Chinese shoemakers and European retailers are threatening legal action after the EU adopted a decision to impose anti-dumping duties against imports of leather footwear from China and Vietnam.
The controversial measures, which will be valid for two years, were adopted by EU ministers on 5 October 2006. Only nine of the EU’s 25 members voted in favour of imposing duties while 12 were against. Nevertheless, with abstentions from four countries counting as ‘Yes’ votes, the measures were passed.
Trade Commissioner Peter Mandelson had initially proposed taking action against Chinese and Vietnamese companies because investigations carried out by the Commission showed that they had been benefiting from cheap bank loans, tax holidays and other government subsidies which had allowed them to export footwear at below-cost prices.

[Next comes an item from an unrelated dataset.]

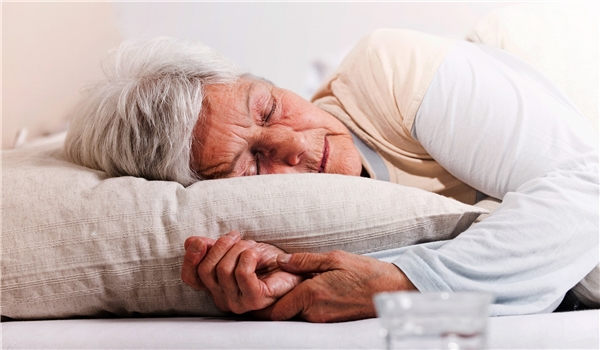 Farsnews Agency Elderly Sleeping In Day Health Risk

However, European shoe retailers and importers and some member states – in particular the Scandinavian countries – have criticised the way that the Commission carried out its anti-dumping investigation, saying that it was biased from the start, overlooking the impact measures would have for thousands of European workers in the shoe-distribution network and succumbing to intense political pressure from certain member states.
The criteria used during the investigation have also raised concerns; in particular, the use of Brazil as a reference market for comparing prices with China, rather than an Asian country. Member states and shoe retailers and importers say that the choice was “illogical” as it sets the costs incurred by large export-orientated Chinese companies against those charged by small Brazilian factories focusing on the domestic market.
They also say currency variations were not taken into account in the 2005 report.